* [Your instructions]: With the pictures omitted, write out all of the listing exactly.
■ ■ ■ ■ ■
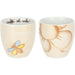 THUN Set 6 Caffeini In Porcellana Elegance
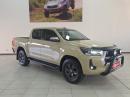 Thumbnail Toyota Hilux 2.8GD-6 double cab Raider auto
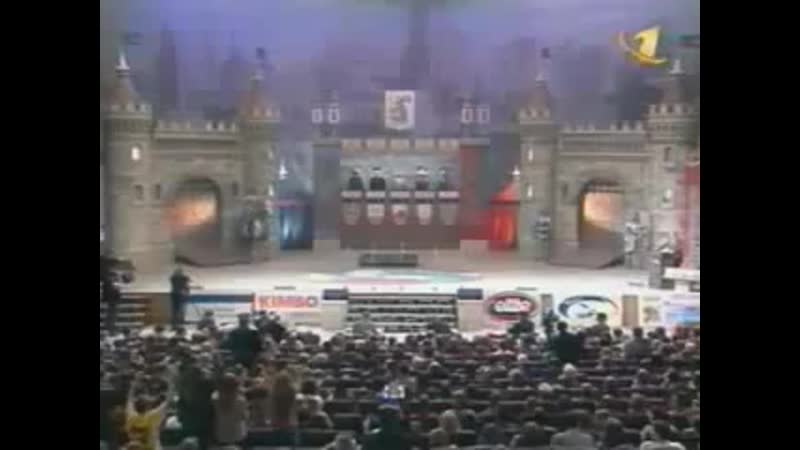 Вища ліґа КВК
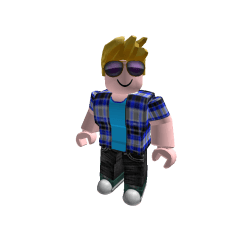 Korean Super Mega Friends Roblox developer avatar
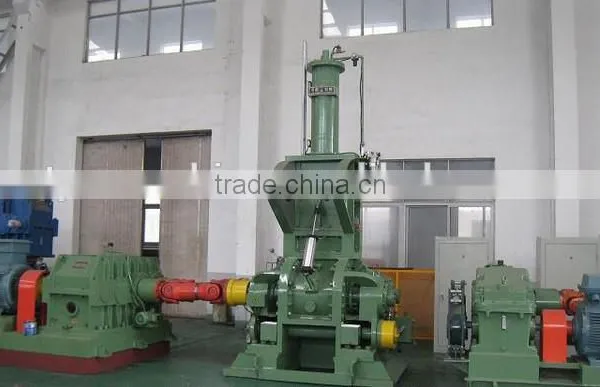 Rubber Banbury Internal Mixers China Plant photo-3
■ ■ ■ ■ ■
* [Exercise result]:
 THUN Set 6 Caffeini In Porcellana Elegance
 Thumbnail Toyota Hilux 2.8GD-6 double cab Raider auto
 Вища ліґа КВК
 Korean Super Mega Friends Roblox developer avatar
 Rubber Banbury Internal Mixers China Plant photo-3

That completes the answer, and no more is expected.